Mit 53 Jahren hat Ana Paula da Silva den Hauptschulabschluss gemacht. Das war für sie der Durchbruch nach langen Jahren, in denen sie für ihre Selbstbestimmung gekämpft hat. Nun ist sie ihrem großen Traum von einem Beruf, der sie erfüllt, ganz nahe. Der Wandel kam für Ana Paula da Silva, als sie an dem Programm "Zurück in den Job" von Diakonie und Erlacher Höhe teilnahm, das mittlerweile beendet ist.

Ana Paula da Silva wurde in Portugal geboren und hat als Kind in Lissabon gelebt. Doch als ihre Eltern der Arbeit wegen nach Deutschland zogen, wurde die kleine Familie auseinandergerissen. Daher waren Ana Paula da Silva und ihre Schwester glücklich, als sie Mama und Papa zwei Jahre später nach Nordrhein-Westfalen folgen durften. Da war Ana Paula da Silva sieben Jahre alt. Und sie konnte kein Wort Deutsch. Sie musste in die Schule. "Aber ich habe gar nichts verstanden", erzählt sie. Sie sei die einzige Ausländerin gewesen, habe sich fremd und verloren gefühlt, ohne Hilfe und Unterstützung. Es kam, wie es kommen musste: "Ich bin sitzengeblieben." In den Jahren darauf biss sie sich durch – bis zur siebten Klasse. "Aber es war immer knapp." Für die junge Frau gab es dann nur eines: nichts wie weg aus der Schule und arbeiten. Geld verdiente sie von da an in der Fabrik, für die auch ihre Mutter tätig war.

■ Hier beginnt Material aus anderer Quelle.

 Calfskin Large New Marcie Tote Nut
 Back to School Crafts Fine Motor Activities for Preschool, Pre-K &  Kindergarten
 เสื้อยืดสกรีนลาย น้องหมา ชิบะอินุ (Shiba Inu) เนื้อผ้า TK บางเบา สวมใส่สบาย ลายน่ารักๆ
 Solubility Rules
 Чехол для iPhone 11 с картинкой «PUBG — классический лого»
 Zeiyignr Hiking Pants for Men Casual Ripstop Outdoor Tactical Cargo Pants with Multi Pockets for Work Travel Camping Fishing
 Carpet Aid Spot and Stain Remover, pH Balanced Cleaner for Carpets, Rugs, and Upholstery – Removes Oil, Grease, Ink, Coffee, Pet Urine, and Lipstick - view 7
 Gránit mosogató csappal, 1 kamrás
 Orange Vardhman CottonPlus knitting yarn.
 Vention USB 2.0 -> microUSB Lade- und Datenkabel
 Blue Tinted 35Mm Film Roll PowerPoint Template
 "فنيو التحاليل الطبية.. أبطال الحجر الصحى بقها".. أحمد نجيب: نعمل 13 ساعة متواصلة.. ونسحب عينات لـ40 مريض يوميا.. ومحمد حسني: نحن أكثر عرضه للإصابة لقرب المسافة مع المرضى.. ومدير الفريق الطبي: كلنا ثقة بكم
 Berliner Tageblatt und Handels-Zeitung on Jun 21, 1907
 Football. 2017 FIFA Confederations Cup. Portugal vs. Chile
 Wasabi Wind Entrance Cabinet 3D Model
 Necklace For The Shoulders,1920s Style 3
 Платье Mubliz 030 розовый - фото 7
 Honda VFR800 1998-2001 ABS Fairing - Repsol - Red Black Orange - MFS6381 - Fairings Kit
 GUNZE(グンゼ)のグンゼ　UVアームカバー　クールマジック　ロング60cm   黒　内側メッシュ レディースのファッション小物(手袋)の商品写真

Doch als Ana Paula da Silva 17 Jahre alt war, gingen ihre Eltern zurück nach Portugal. Mit dabei: die 17-Jährige, ihre Schwester und die beiden in Deutschland geborenen Brüder. Da sie nichts gelernt hatte, arbeitete die junge Frau überall da, wo sie etwas verdienen konnte, ob in einer Uhrenfabrik oder in einem Café als Bedienung.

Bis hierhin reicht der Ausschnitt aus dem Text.